Every year, I make a mental note to dig up the scraggly shrubs and fill that precious sunny spot with something beautiful. But it never happens.

This weekend, I'm finally hitting the garden centers on a search for a spirea replacement: weigela. Ever since I planted a bed of diminutive "Minuet" weigelas by my front entry many years ago, I've been a big fan of the trumpet-shaped deep pink flowers, nice shape and rich purplish foliage.

For my new trio of shrubs, I'm looking for plants that produce pretty flowers in spring or rebloom several times a summer. And I have to choose a variety that won't grow taller than 4 to 5 feet - so the mature plants won't block the lower level windows.

Decisions, decisions.
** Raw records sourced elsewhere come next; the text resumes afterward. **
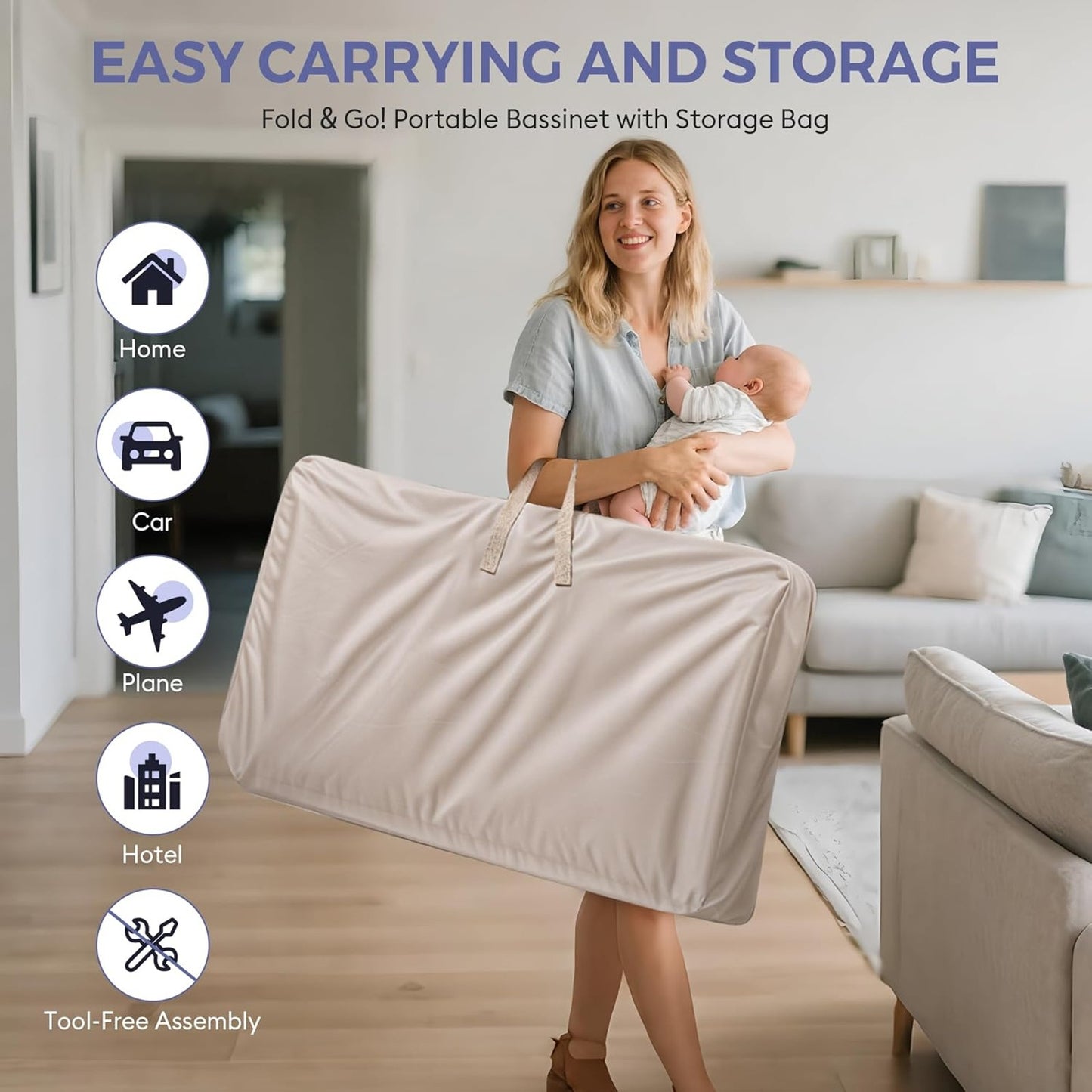 Adjustable Bedside Baby Bassinet Sleeper w/ Mesh Sides, Tilt Mode & Storage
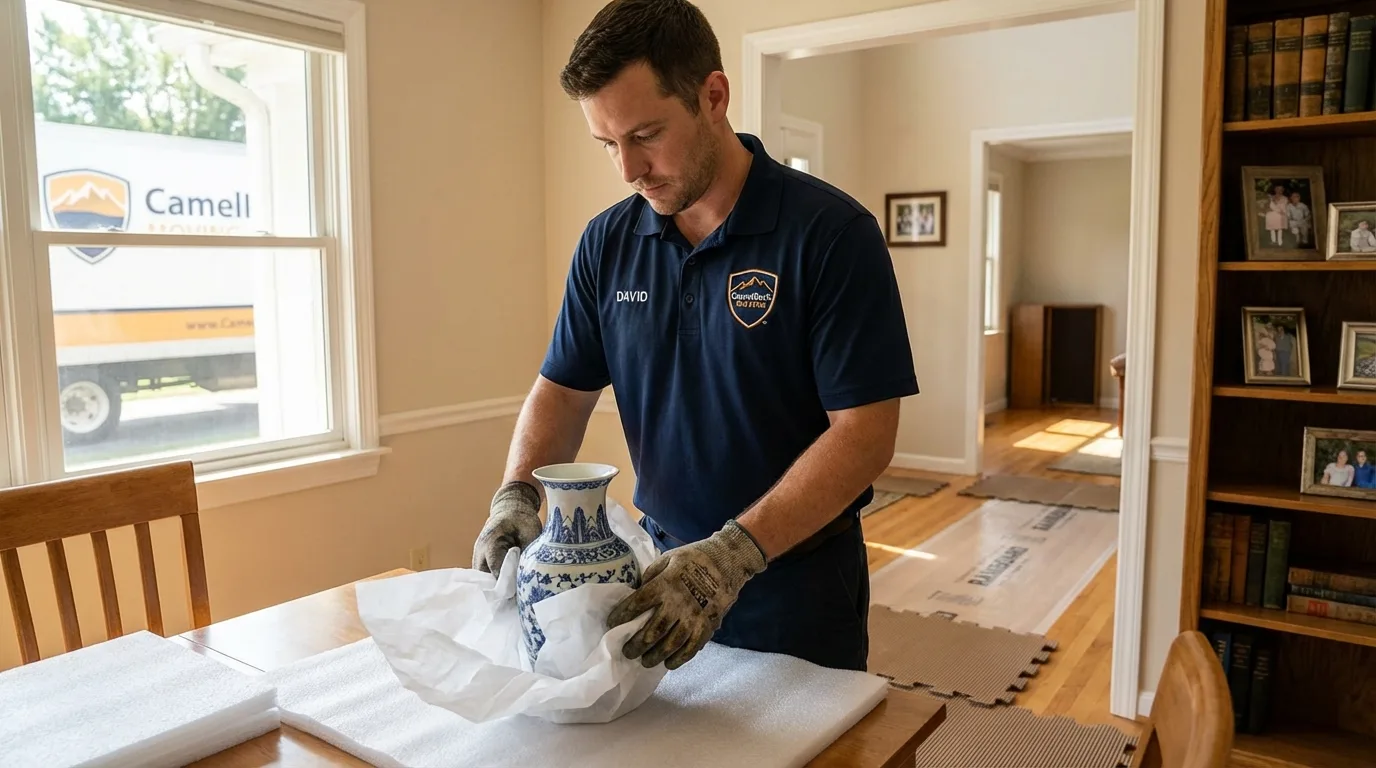 Professional crew carefully wrapping antique vase for senior downsizing move in Palm City, FL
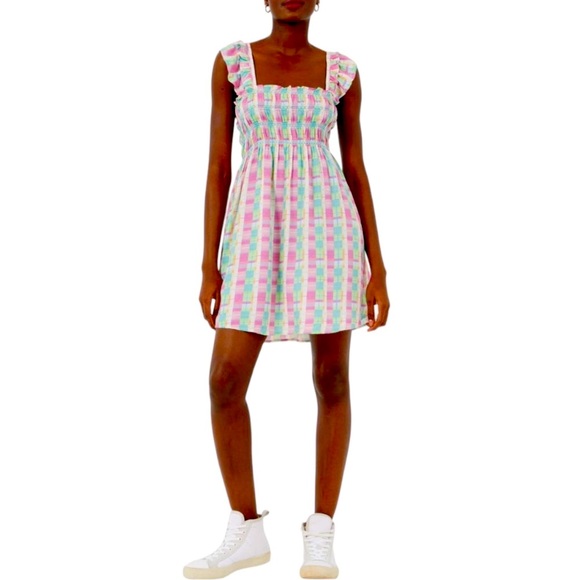 NWT | French Connection | Bibiana Check Mini Summer Dress | Size 12 - Picture 2 of 7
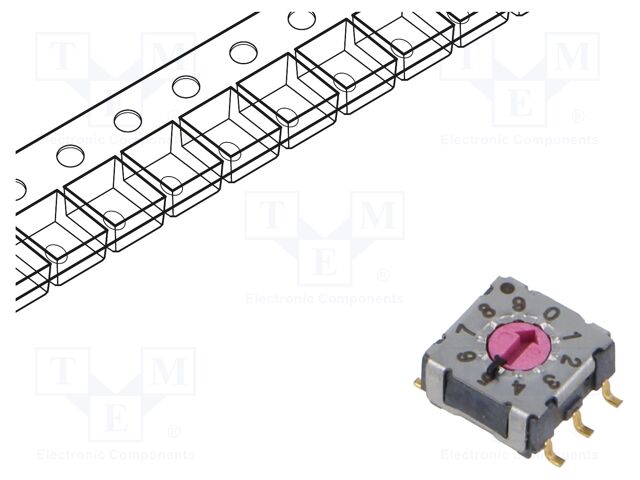 Encoding switch; DEC/BCD; Pos: 10; SMT; Rcont max: 80mΩ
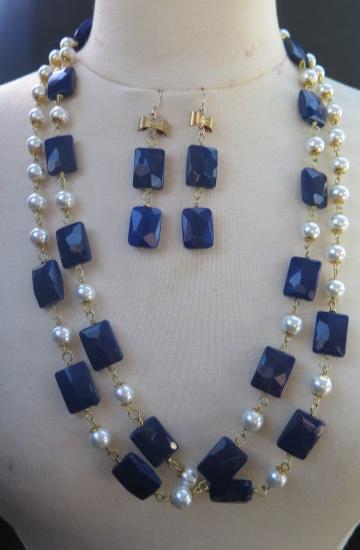 Pearl Blue Long Necklace, Earring and Bracelet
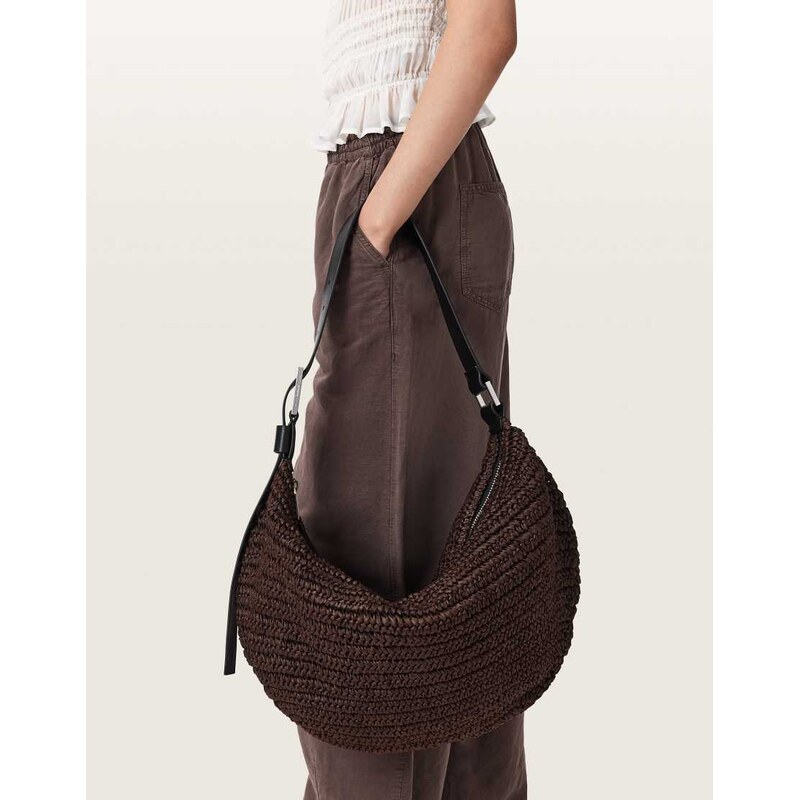 AllSaints Luna woven raffia shoulder bag in brown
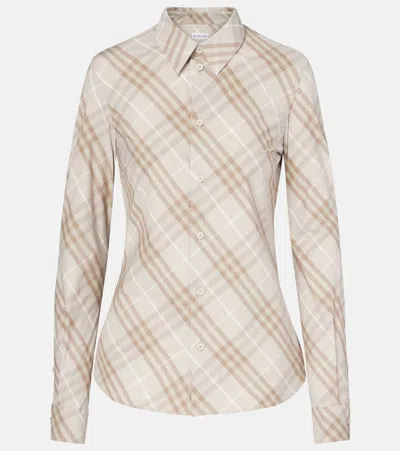 Burberry Check Cotton Poplin Shirt In Neutral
Should I go with something from the Wine Series, such as 'Wine & Roses', which boasts rosy-pink spring flowers mingled with dark burgundy foliage- and reblooms in the summer? Or try 'Ghost' with its dark reddish-pink flowers against ghostly iridescent buttercream foliage? I'll bring my list of favorite weigelas to the garden centers and hope they will have plenty of stock to look over.

Are you replacing under-performing shrubs? What are some of your favorite flowering varieties?